● REQUIRED ACTION
Print the listing exactly as it stands. Skip every picture.

┌─ PROVIDED ENTRIES

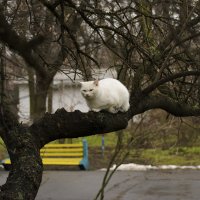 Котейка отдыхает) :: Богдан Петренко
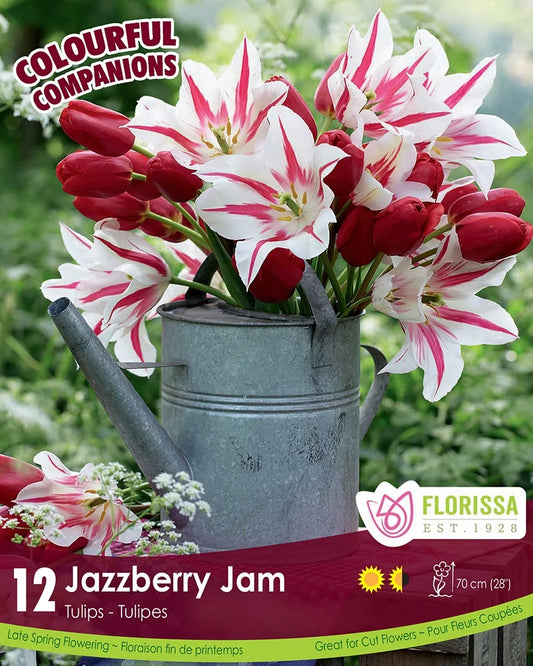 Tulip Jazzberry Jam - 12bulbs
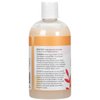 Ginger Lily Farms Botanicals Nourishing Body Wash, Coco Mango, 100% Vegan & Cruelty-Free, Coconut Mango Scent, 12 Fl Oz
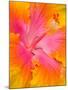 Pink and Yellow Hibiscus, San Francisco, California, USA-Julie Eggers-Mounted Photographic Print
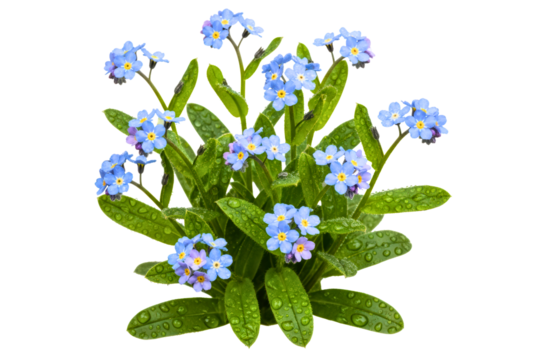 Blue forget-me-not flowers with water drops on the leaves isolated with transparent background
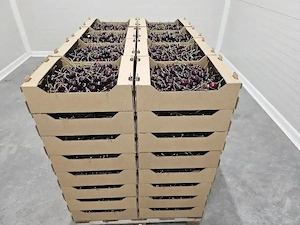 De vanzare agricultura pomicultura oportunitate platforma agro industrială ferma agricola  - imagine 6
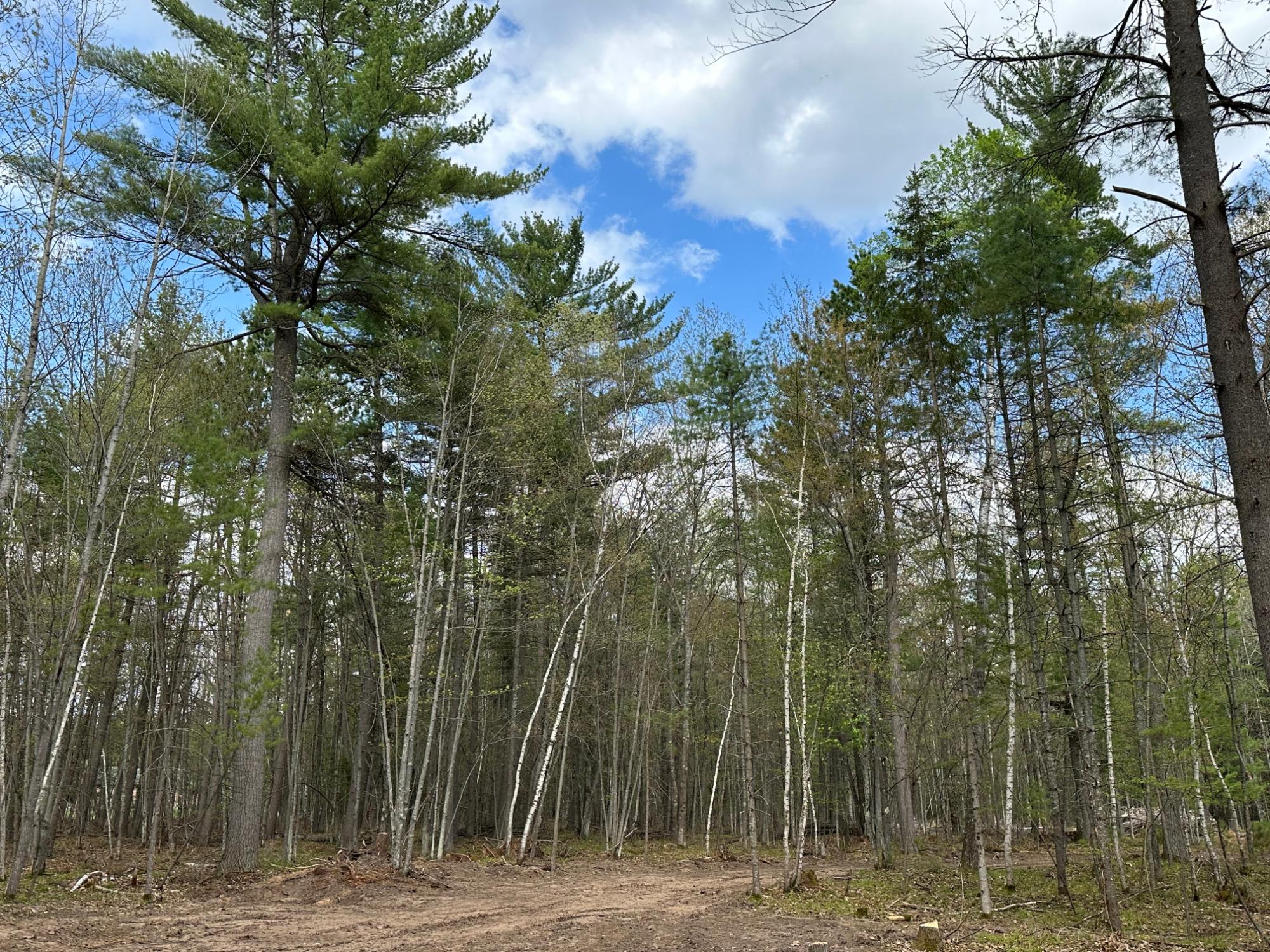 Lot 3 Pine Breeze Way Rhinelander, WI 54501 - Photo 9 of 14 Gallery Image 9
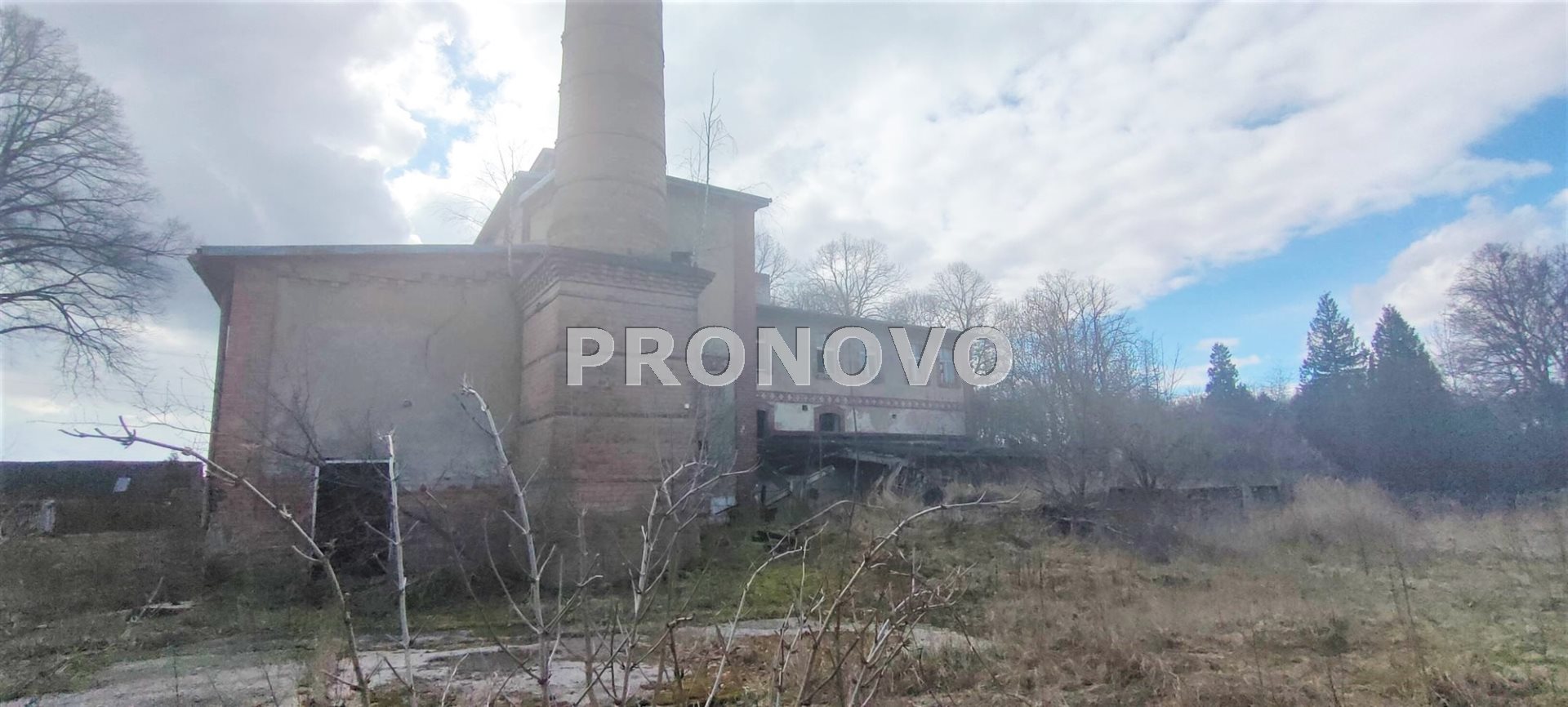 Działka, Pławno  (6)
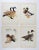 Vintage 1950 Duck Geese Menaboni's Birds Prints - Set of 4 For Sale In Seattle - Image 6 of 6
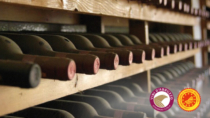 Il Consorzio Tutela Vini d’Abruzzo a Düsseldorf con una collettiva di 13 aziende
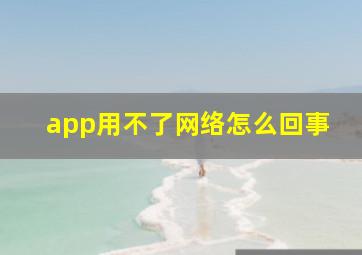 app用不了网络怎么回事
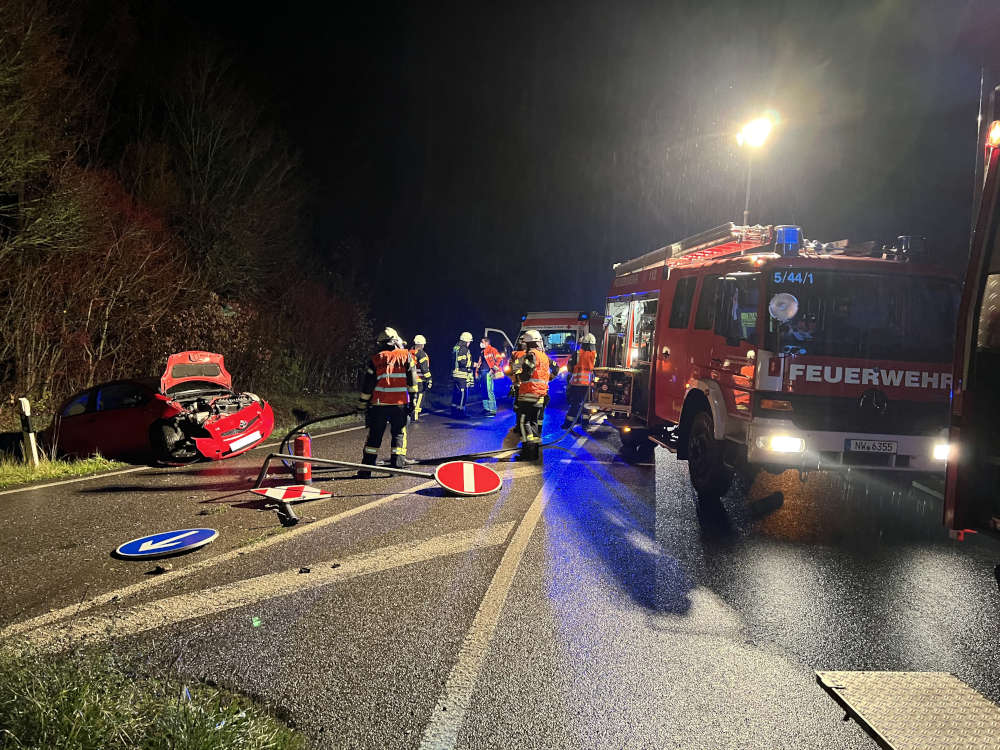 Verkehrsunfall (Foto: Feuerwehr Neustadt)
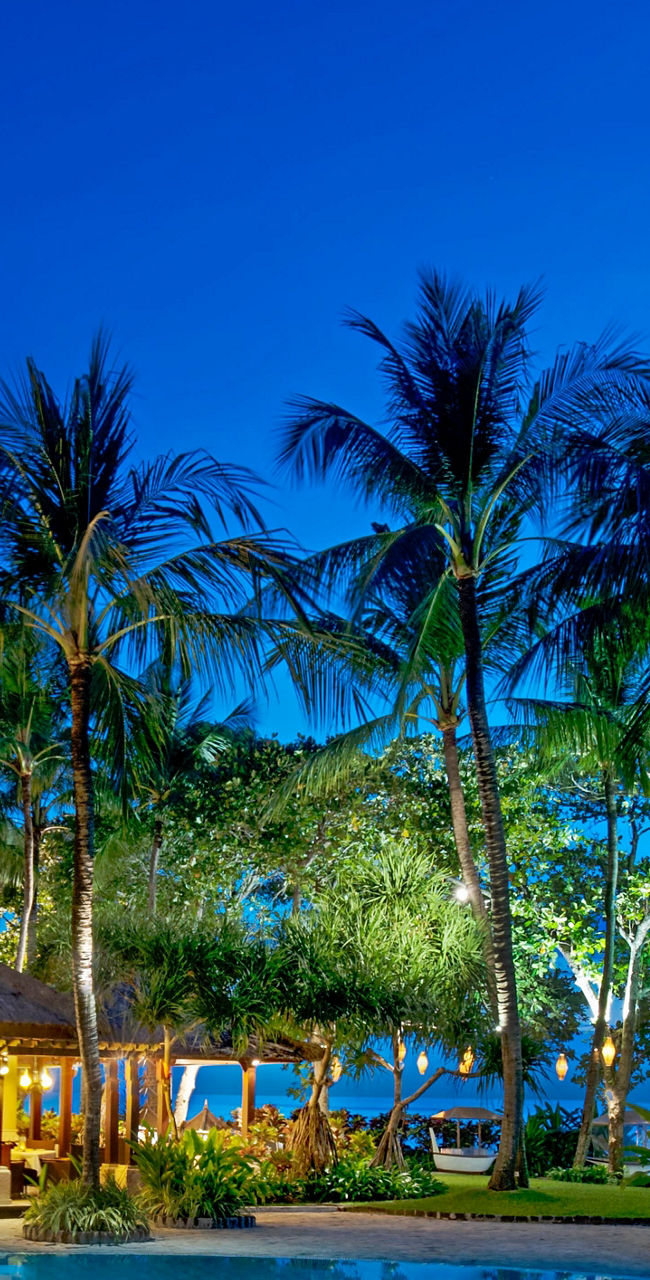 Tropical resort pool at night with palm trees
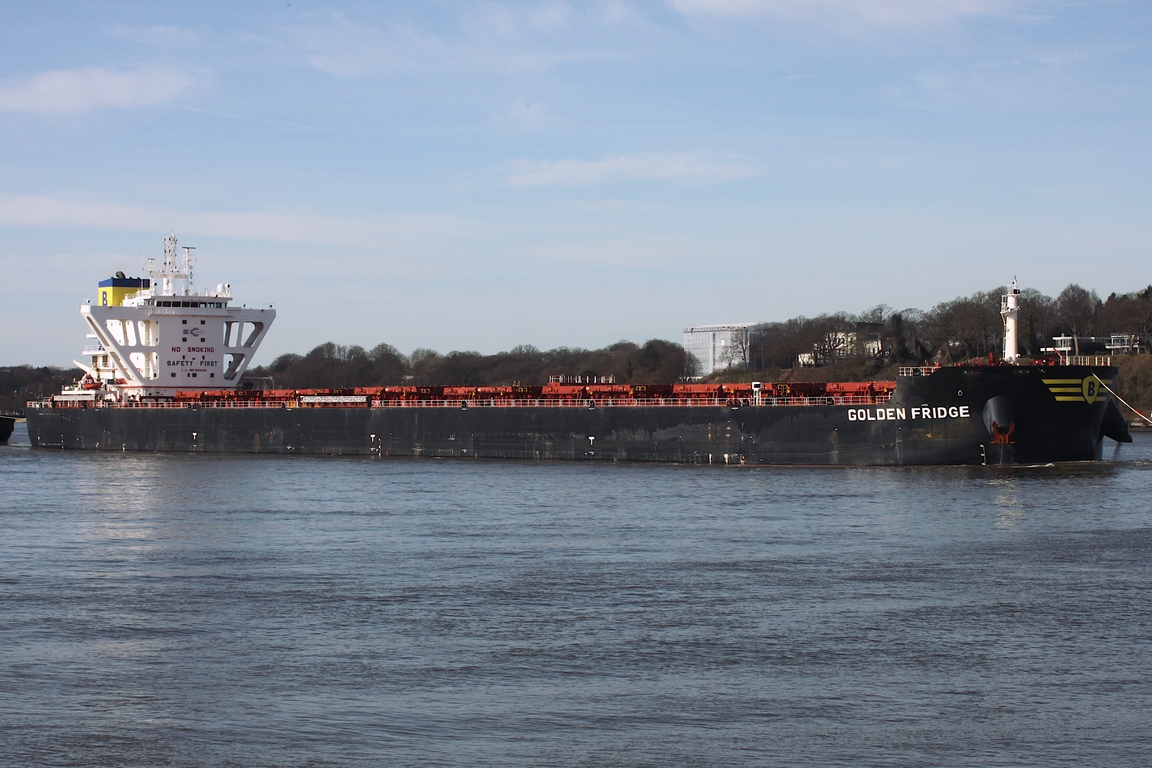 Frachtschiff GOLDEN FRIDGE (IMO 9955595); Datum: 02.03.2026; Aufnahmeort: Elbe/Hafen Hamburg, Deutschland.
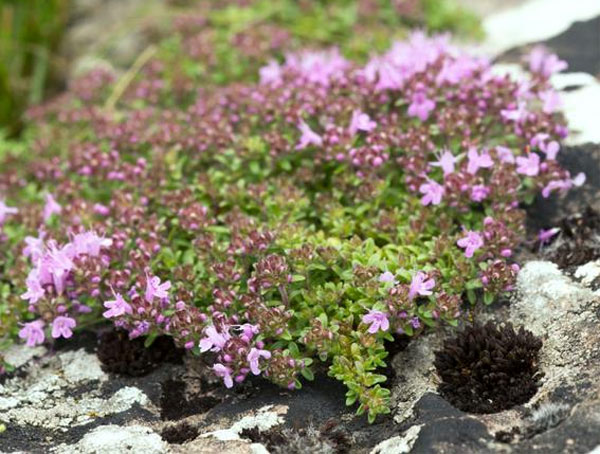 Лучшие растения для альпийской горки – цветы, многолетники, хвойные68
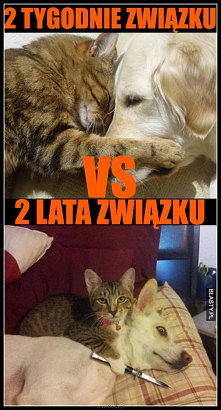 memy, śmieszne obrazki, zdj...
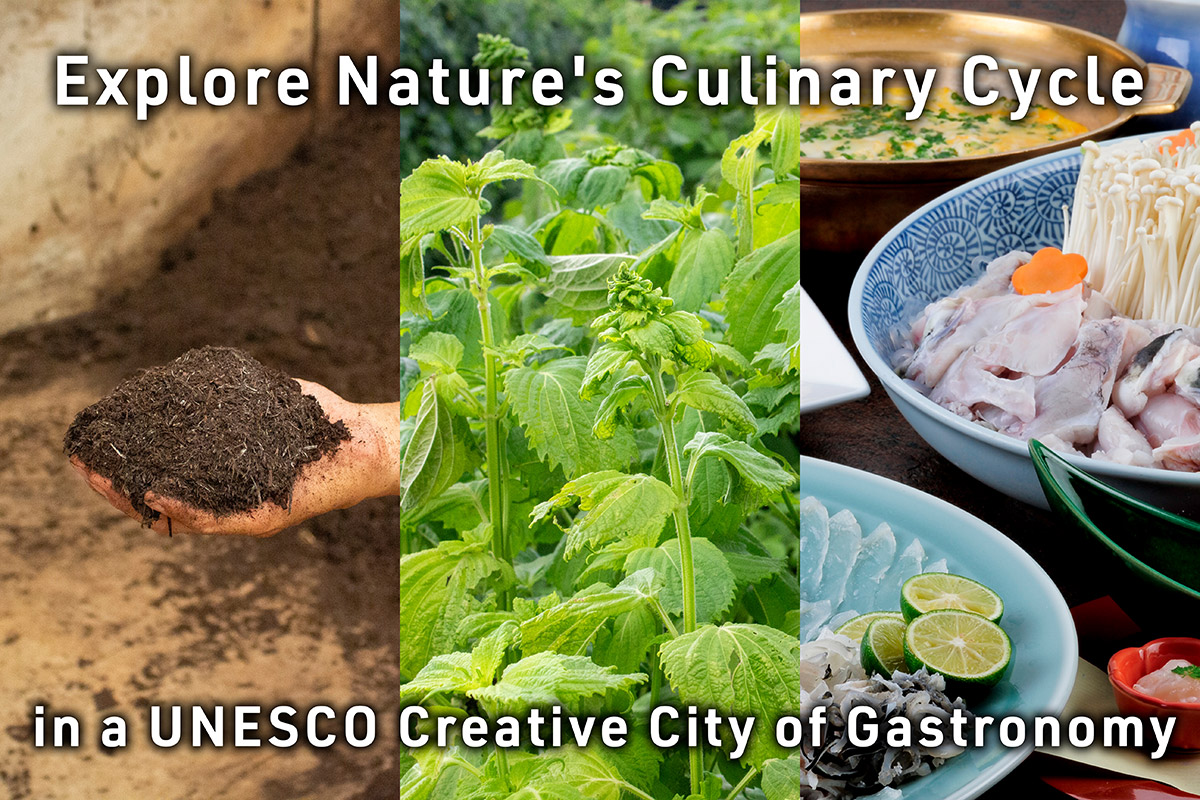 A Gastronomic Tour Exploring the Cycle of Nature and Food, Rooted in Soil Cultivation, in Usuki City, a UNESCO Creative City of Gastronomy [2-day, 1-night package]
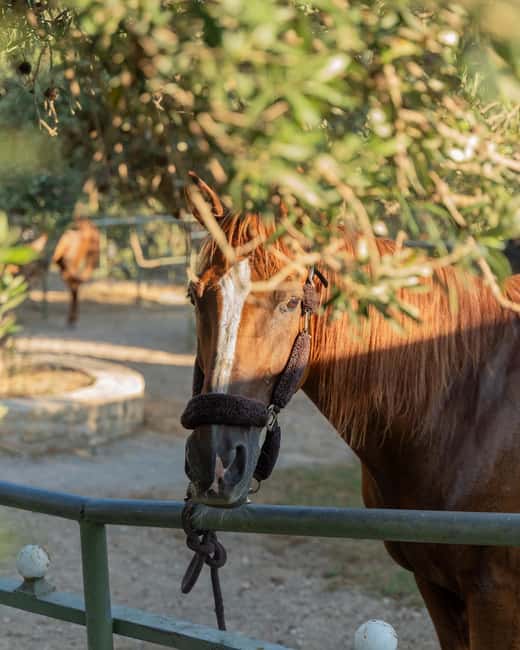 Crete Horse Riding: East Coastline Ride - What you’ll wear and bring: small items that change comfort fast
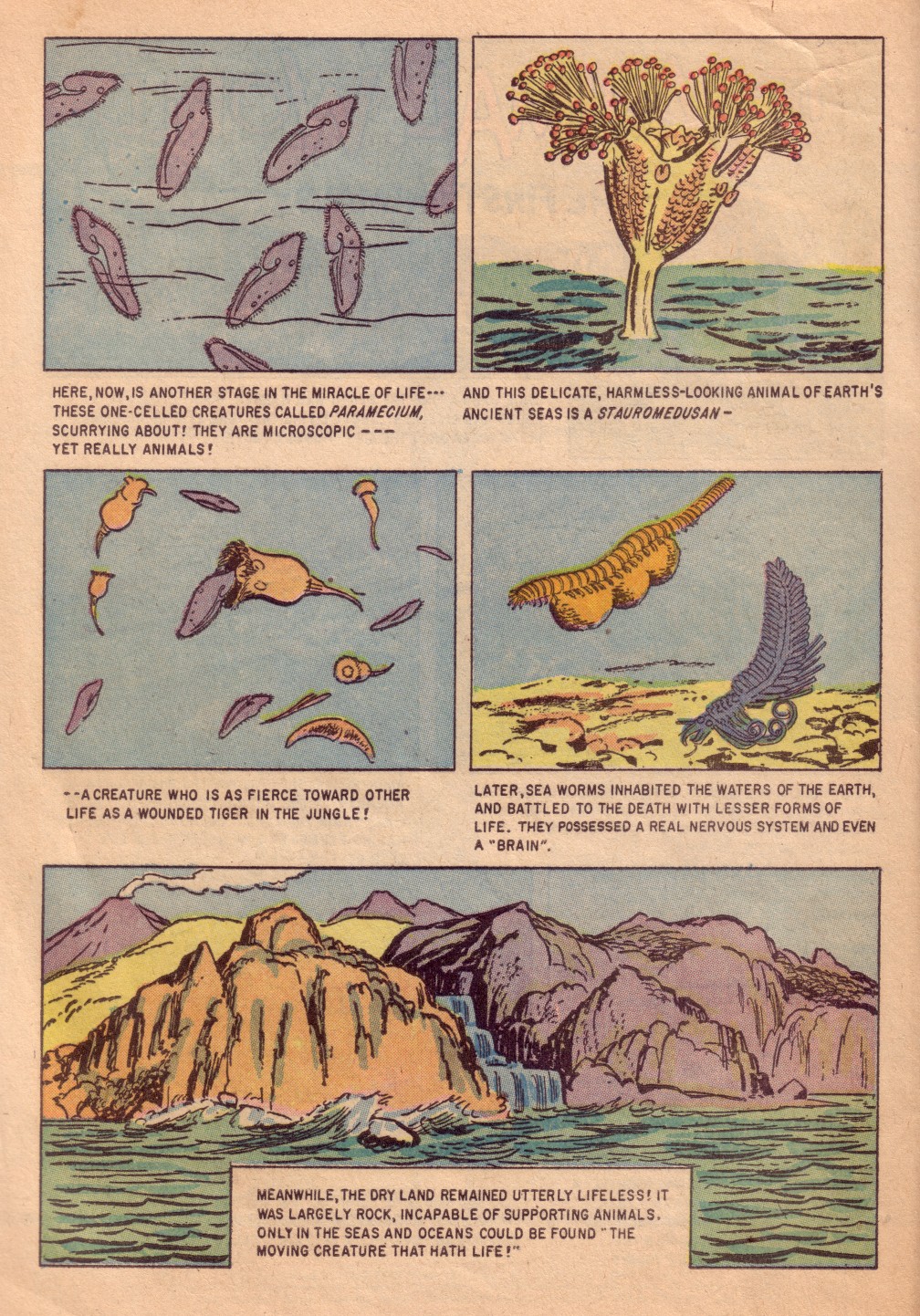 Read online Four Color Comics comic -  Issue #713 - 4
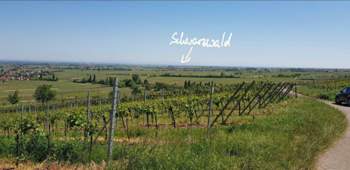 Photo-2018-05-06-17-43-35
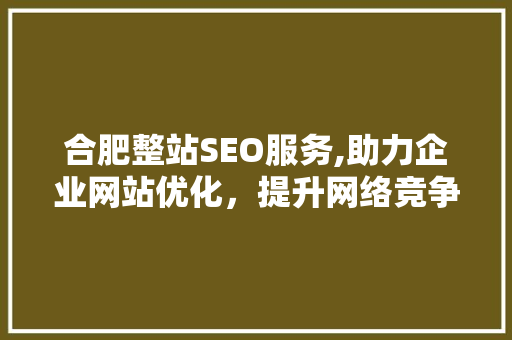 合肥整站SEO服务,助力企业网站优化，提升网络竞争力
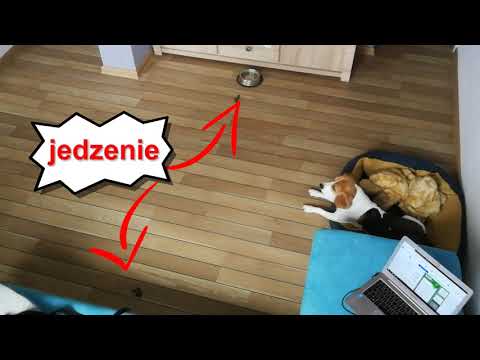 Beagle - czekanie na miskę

└─

● WRITTEN REPLY
 Котейка отдыхает) :: Богдан Петренко
 Tulip Jazzberry Jam - 12bulbs
 Ginger Lily Farms Botanicals Nourishing Body Wash, Coco Mango, 100% Vegan & Cruelty-Free, Coconut Mango Scent, 12 Fl Oz
 Pink and Yellow Hibiscus, San Francisco, California, USA-Julie Eggers-Mounted Photographic Print
 Blue forget-me-not flowers with water drops on the leaves isolated with transparent background
 De vanzare agricultura pomicultura oportunitate platforma agro industrială ferma agricola  - imagine 6
 Lot 3 Pine Breeze Way Rhinelander, WI 54501 - Photo 9 of 14 Gallery Image 9
 Działka, Pławno  (6)
 Vintage 1950 Duck Geese Menaboni's Birds Prints - Set of 4 For Sale In Seattle - Image 6 of 6
 Il Consorzio Tutela Vini d’Abruzzo a Düsseldorf con una collettiva di 13 aziende
 app用不了网络怎么回事
 Verkehrsunfall (Foto: Feuerwehr Neustadt)
 Tropical resort pool at night with palm trees
 Frachtschiff GOLDEN FRIDGE (IMO 9955595); Datum: 02.03.2026; Aufnahmeort: Elbe/Hafen Hamburg, Deutschland.
 Лучшие растения для альпийской горки – цветы, многолетники, хвойные68
 memy, śmieszne obrazki, zdj...
 A Gastronomic Tour Exploring the Cycle of Nature and Food, Rooted in Soil Cultivation, in Usuki City, a UNESCO Creative City of Gastronomy [2-day, 1-night package]
 Crete Horse Riding: East Coastline Ride - What you’ll wear and bring: small items that change comfort fast
 Read online Four Color Comics comic -  Issue #713 - 4
 Photo-2018-05-06-17-43-35
 合肥整站SEO服务,助力企业网站优化，提升网络竞争力
 Beagle - czekanie na miskę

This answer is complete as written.